Assignment:
Reproduce the data below word for word, setting aside any picture it holds.

Source material:
━━━━━━━━━━

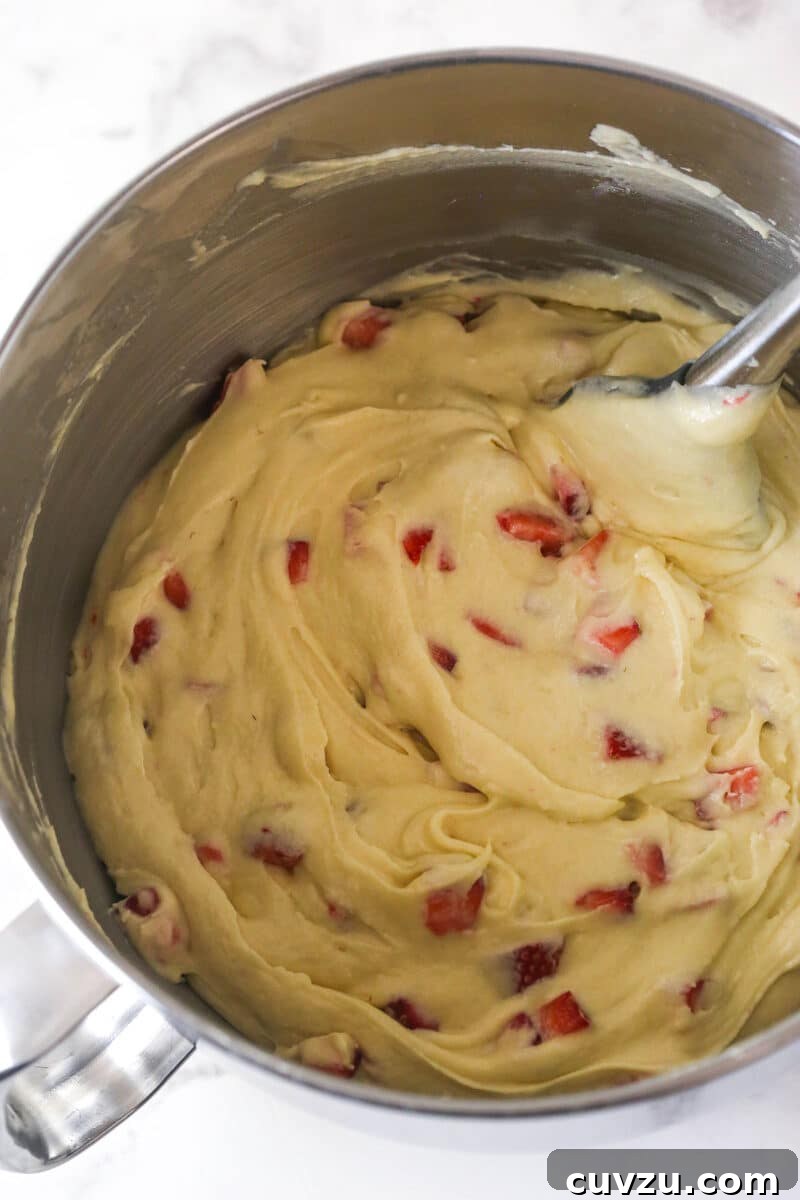 Diced strawberries folded into cake batter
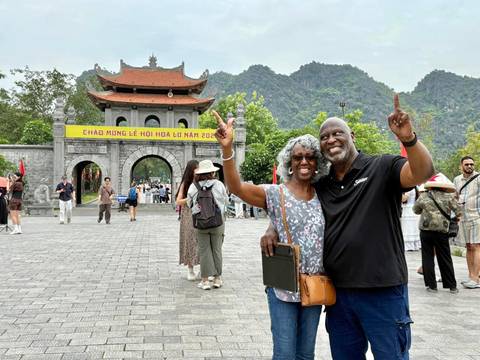       Couple posing in front of a historic gate with mountains in the background.
  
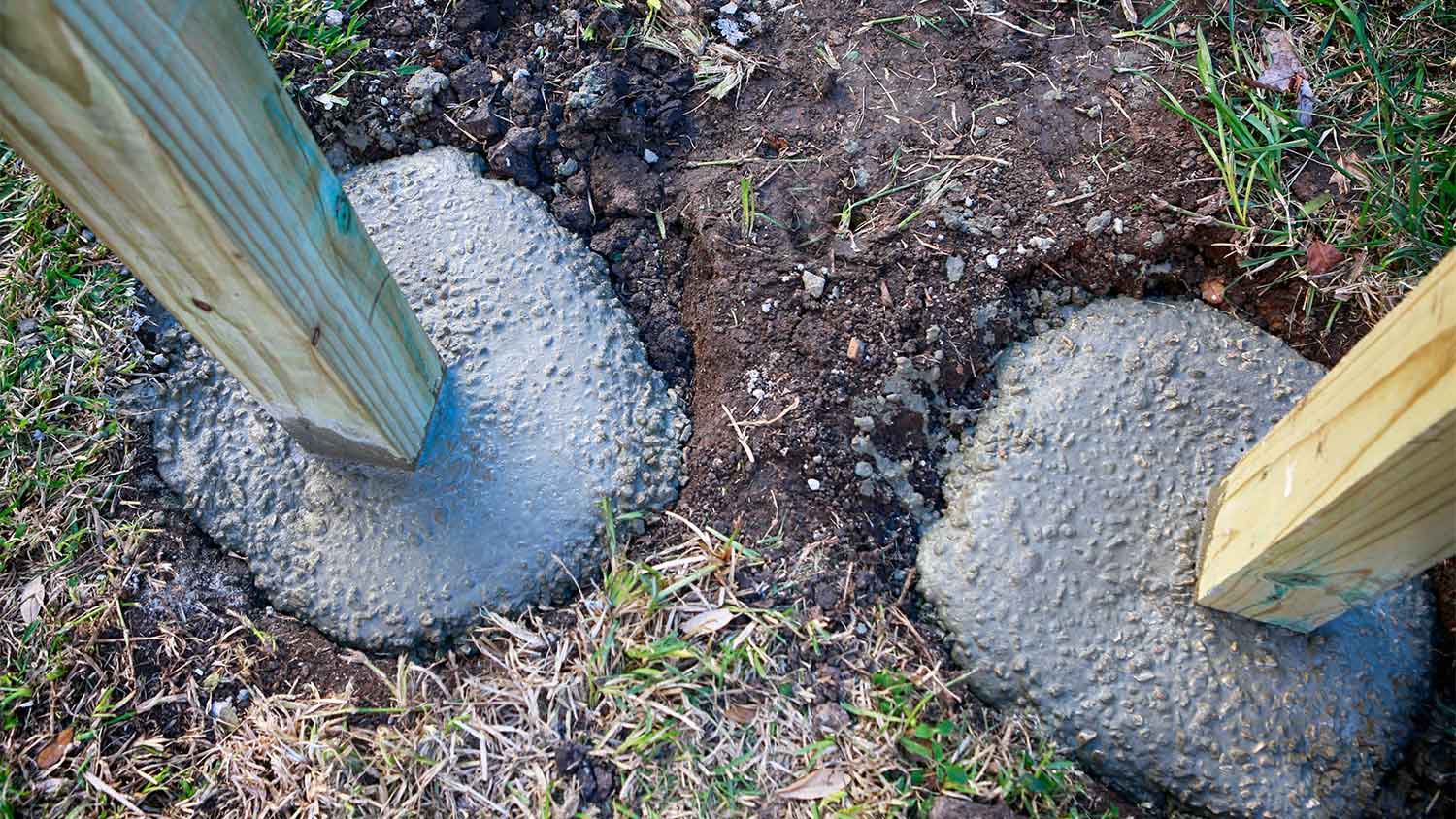 A fence post setting in concrete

━━━━━━━━━━

Problem solution:
 Diced strawberries folded into cake batter
       Couple posing in front of a historic gate with mountains in the background.
  
 A fence post setting in concrete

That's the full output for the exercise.